In light of the roadmap and scenarios proposed by the EC, the Platform does not only take a stand for the option 3 but points out that electromobility needs to be addressed as one of the key elements of the EPBD revision if the EU wishes to deliver the objectives set in the Smart and Sustainable Mobility Strategy, the Energy System Integration Strategy and the Renovation Wave Strategy. The deployment of private charging is as important for the growth of electromobility and the decarbonisation of transport as that of charging accessible to the public. The Platform also thinks that the electric bicycles (incl. e-cargo bikes, e-two-wheelers, e-moped and e-cars) should be considered when revising the EPBD.

Given that 90% of EV charging happens at home or in the workplace and that 80% of the EU’s current building stock will still be in used by 2050, the EC must tackle the outstanding barriers to the installation of EV chargers and collective charging infrastructure in all (non-) residential buildings to ensure that all EV users have a “right to plug”. In this regard, art. 8 of the EPBD should be revised.

To that end, the Platform shares its key recommendations.

Set minimum infrastructure requirements for all types of buildings (new and existing)

The EPBD should encourage Member States to implement measures to pre-equip all buildings. The Platform recommends putting in place minimum requirements for the pre-cabling of the installation of EV chargers and ensuring that all buildings will be pre-equipped by 2035.

Guarantee the right-to-plug to all EV users

The revision of the art. 8 of the EPBD must ensure the right-to-plug to all EV users in order to facilitate the installation of charging infrastructure for tenants and properties under shared ownership aligned with Spanish, Dutch and Norwegian legislations and the current EPBD recommendations. In France for instance, condominiums still face barriers when wishing to implement charging solutions due to non-adapted standards.

The EC needs to tackle the remaining obstacles for the installation of charging points in buildings by removing the unnecessary exemptions applied to SMEs and addressing the administrative hurdles (e.g. EV charging as extralegal benefit for employees) as well as collective action problems (e.g. split incentives between EV and non-EV drivers, renters vs. owners, employee vs. employer, etc.). The EC should ensure that the right to plug is as simple as a subscription to other services like internet, phone provider, etc. The request for the installation of charging stations in collective properties should not exceed 3 months. EV users without charging station at home should have a right to plug at work.

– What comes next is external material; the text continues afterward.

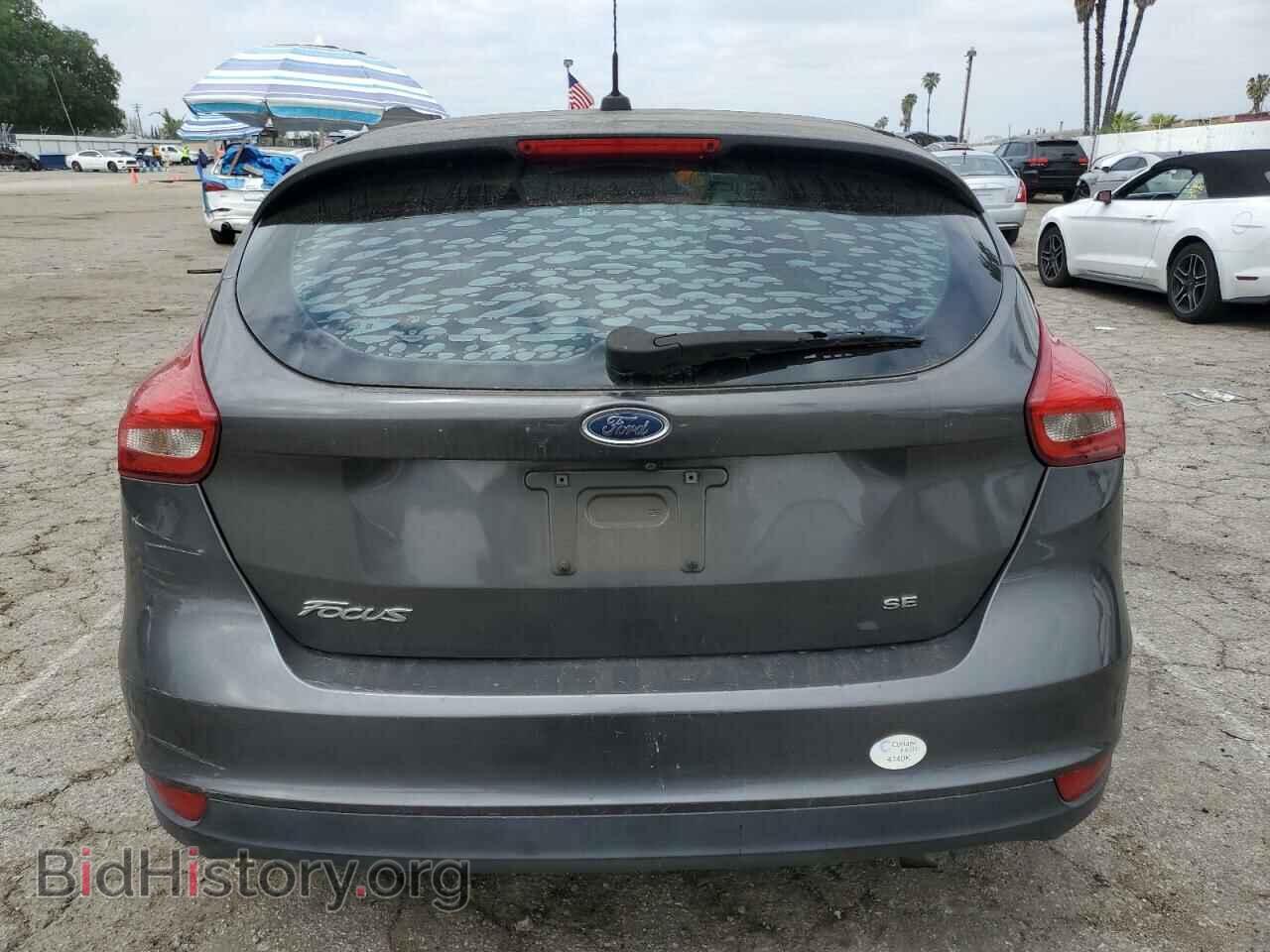 2015 FORD FOCUS - VIN: 1FADP3K23FL369154 - Фото 6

Introduce requirements for smart charging

The development of smart charging in buildings is an opportunity for EV users: it ensures a better charging experience, reduces the consumers’ electricity bill1 and could reintegrate the surplus of electricity into the grids (V2G) and/or reuse it in the buildings (V2B). It could also support the uptake of electromobility and can create synergies with renewable energies by integrating them into the electricity grids and providing flexibility services to the system.

Aligned with a definition on smart charging that the Platform urges to be introduced in the revision of the Alternative Fuels Infrastructure Directive (AFID), the existing requirements set in art.8 of the EPBD should be strengthened to support the deployment of smart charging in multi-family and nonresidential buildings in order to provide flexibility services to the power system via EV connection to the grid and to buildings.

The EPBD must be revised in coherence with the AFID to ensure the same level of ambitions in both texts and a coherent framework for the deployment of charging infrastructure across Europe. In line with the Renovation Wave, the EC also needs to ensure that funding and recovery plans tackle the rollout of smart charging infrastructure in the building renovations. A long-term funding programme (about 10 to 15 years) for local authorities and governments could be developed for example and channelled through the Member States to support the cabling of residential and office buildings’ in all parking spots.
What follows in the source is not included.